Europe competes with the U.S. and now China in life sciences, not internally. To further increase European academic rank in the world and emergence of the best clusters, funding should not be distributed on a national basis, but on a European basis (if avoiding unnecessary bureaucracy and rules). FP7 (a European Commission program) and the European Research Council (ERC) are excellent initiatives. ERC ensures pan-European, peer-review competition of academic research.
However, the ERC budget in life sciences, dedicated to academic research, is only about €400 million (US$527 million), compared to the $30 billion NIH budget. Alas, it is unlikely governments will accept such funding increase of the ERC, implying a decrease of their direct national funding. The ERC serves also as a very good index of national and regional academic excellence: An interesting 2009 surprise was that France ranked first, Germany second and the U.K. third for selected ERC life science grant applications. Because of a small sample of funded grants, it will be important to see 2010 results to see if this is a lasting European trend. Also, a success rate of 7 percent can only be discouraging for submissions. A more standard 15 percent success rate would provide a better balance, implying of course a sharp increase in budget.
Government support of startups and an adequate financing environment are essential. France has made an effort in recent years to offset the high cost (as compared to the U.K., Germany and California) of employment, with the status of the Young Innovative Enterprise (JEI), which I had proposed to former President Chirac in 2002. This status cancels for startups all social costs for eight years on researchers’ salaries, decreasing the overall cost of employment by 25 percent.
Unfortunately, the 2011 finance bill dramatically affects this successful incentive scheme.
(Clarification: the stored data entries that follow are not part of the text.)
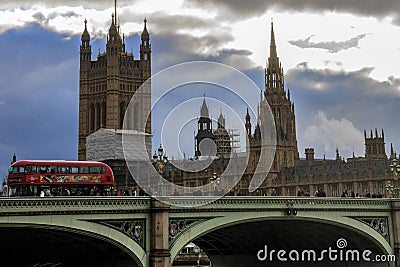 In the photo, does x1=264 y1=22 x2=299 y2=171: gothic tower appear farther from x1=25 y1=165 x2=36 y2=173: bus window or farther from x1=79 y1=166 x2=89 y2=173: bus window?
x1=25 y1=165 x2=36 y2=173: bus window

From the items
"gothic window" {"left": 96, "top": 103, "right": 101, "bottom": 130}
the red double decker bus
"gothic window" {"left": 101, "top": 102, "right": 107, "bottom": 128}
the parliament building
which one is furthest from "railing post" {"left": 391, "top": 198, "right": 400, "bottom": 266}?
"gothic window" {"left": 96, "top": 103, "right": 101, "bottom": 130}

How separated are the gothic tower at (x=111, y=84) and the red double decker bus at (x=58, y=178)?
104m

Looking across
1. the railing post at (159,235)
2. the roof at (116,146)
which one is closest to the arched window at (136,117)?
the roof at (116,146)

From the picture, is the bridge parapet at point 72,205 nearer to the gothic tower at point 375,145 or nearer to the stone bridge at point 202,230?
the stone bridge at point 202,230

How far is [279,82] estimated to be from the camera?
502ft

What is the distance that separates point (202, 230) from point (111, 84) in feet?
396

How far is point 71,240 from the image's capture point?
4000 centimetres

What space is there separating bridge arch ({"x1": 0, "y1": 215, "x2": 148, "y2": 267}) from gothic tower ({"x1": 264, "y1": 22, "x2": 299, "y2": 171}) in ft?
336

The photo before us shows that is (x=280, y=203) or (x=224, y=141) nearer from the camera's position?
(x=280, y=203)

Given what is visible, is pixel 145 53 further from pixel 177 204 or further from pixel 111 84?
pixel 177 204

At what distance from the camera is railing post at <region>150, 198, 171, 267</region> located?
35.3 metres

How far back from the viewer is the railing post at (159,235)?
116 feet

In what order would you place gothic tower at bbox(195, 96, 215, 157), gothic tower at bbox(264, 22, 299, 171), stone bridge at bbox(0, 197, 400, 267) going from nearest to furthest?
1. stone bridge at bbox(0, 197, 400, 267)
2. gothic tower at bbox(195, 96, 215, 157)
3. gothic tower at bbox(264, 22, 299, 171)

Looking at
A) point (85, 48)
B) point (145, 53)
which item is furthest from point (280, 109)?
point (85, 48) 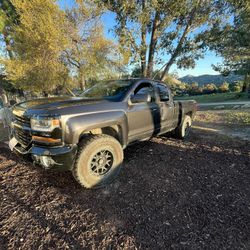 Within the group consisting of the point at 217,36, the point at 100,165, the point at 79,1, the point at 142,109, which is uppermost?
the point at 79,1

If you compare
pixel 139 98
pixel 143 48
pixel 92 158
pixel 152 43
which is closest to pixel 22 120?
pixel 92 158

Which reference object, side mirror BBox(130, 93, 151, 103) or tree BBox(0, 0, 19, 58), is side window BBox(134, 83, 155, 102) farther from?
tree BBox(0, 0, 19, 58)

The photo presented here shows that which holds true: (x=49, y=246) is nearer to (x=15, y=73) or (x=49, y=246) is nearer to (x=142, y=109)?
(x=142, y=109)

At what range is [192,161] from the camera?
396 centimetres

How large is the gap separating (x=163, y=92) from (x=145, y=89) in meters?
0.76

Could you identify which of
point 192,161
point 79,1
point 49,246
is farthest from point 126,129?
point 79,1

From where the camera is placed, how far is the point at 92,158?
292 cm

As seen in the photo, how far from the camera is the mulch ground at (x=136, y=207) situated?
2.03m

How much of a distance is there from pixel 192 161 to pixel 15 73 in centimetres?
828

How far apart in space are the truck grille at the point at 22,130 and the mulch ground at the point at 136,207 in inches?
30.6

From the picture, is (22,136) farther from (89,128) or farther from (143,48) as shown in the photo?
(143,48)

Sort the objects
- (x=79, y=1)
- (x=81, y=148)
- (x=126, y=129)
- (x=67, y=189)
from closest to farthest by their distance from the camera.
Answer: (x=81, y=148) → (x=67, y=189) → (x=126, y=129) → (x=79, y=1)

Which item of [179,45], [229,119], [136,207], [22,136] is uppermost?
[179,45]

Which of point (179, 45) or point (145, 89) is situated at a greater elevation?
point (179, 45) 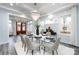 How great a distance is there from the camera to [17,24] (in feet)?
14.0

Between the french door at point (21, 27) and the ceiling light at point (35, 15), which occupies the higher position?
the ceiling light at point (35, 15)

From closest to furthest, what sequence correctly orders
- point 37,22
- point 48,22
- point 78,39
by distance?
1. point 48,22
2. point 37,22
3. point 78,39

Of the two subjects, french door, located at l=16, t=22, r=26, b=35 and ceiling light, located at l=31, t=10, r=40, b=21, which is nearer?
A: french door, located at l=16, t=22, r=26, b=35

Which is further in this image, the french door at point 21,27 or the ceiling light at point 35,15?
the ceiling light at point 35,15

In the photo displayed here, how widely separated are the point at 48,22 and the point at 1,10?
2.87 m

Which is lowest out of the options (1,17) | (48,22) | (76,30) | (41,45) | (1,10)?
(41,45)

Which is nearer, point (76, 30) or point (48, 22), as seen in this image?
point (48, 22)

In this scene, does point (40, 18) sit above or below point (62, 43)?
above

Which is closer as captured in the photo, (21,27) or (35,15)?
(21,27)

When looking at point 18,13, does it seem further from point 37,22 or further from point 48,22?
point 48,22

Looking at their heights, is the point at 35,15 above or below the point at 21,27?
above

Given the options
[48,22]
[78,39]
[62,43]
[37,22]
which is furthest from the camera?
[78,39]

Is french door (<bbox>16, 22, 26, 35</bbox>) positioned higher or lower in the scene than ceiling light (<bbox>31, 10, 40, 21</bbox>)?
lower

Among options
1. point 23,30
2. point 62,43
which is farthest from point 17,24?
point 62,43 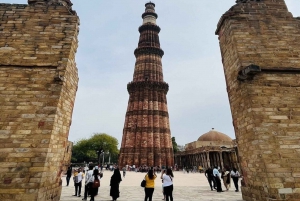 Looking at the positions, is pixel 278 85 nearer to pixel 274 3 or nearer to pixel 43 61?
pixel 274 3

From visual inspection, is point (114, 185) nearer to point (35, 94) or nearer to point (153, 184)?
point (153, 184)

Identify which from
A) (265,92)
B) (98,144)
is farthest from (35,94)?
(98,144)

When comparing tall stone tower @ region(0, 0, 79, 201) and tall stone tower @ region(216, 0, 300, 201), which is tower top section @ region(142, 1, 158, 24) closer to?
tall stone tower @ region(216, 0, 300, 201)

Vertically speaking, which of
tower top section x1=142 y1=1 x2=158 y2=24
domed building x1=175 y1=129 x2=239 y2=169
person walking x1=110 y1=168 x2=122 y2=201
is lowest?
person walking x1=110 y1=168 x2=122 y2=201

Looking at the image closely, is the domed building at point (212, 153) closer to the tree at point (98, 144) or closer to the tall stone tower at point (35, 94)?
the tree at point (98, 144)

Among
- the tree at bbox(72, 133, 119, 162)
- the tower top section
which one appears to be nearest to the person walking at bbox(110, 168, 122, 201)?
the tower top section

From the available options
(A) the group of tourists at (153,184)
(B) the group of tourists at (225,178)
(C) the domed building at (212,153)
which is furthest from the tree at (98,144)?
(A) the group of tourists at (153,184)

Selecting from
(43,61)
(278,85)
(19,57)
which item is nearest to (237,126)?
(278,85) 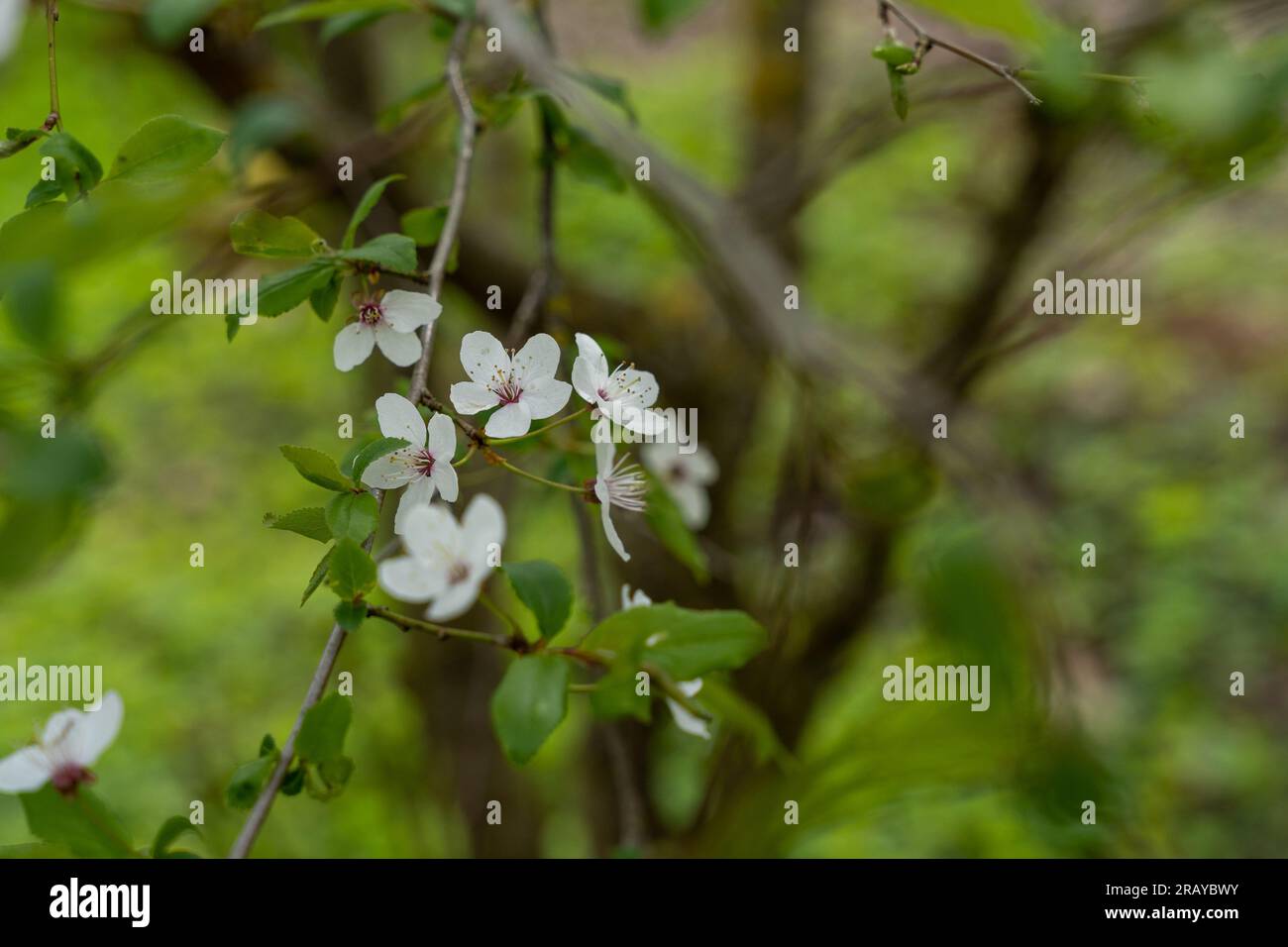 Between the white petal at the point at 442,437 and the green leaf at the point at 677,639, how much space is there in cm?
10

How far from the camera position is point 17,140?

The 30-percent research tax credit is another strong French incentive, unfortunately favoring broadly large rather than small companies, at a high cost for taxpayers and for a questionable impact on value creation.
OSEO is a French grant agency targeting small companies, and is effective in selecting the best R&D projects, funding up to 50 percent of the project cost. Seven Truffle Capital companies were funded by OSEO in the past two years. No other European country benefits from such a strong combination (JEI- research tax credit-OSEO), which explains why venture capital and IPOs have continued to support French biotech companies in recent years.
Venture capital and the stock market are essential to biotech companies’ growth and success. Unfortunately, the financial crisis and regulations of prudential ratios for banks and insurance companies decrease the appetite of investors for private equity. The strong tax incentives in the U.K. and France continue to make venture funds reasonably well funded, while German venture capital has sharply declined. The stock market for biotechnology follows the trends of the general market. But good companies can make it even in a difficult environment. Three Truffle Capital biotech companies — Neovacs, Deinove and Carmat — became public on the Alternext stock market this year and two are preparing for a 2011 IPO.
Overall, only lasting efforts can propel any region or country to the top of the biotechnology sector. Given the needed combination of successful academic research and proper state and private financial environment, the U.K. and France are probably in the best position to host the most successful clusters, followed by Switzerland, which has a strong academic, pharmaceutical and financial environment. However the healthier German economy should translate into a strong comeback.
Let’s hope we move into a truly European policy era, which will support and promote the bests in Europe, wherever they are. Otherwise, others — such as Brazil, which has the will, the cash and the sun — could surprise everyone.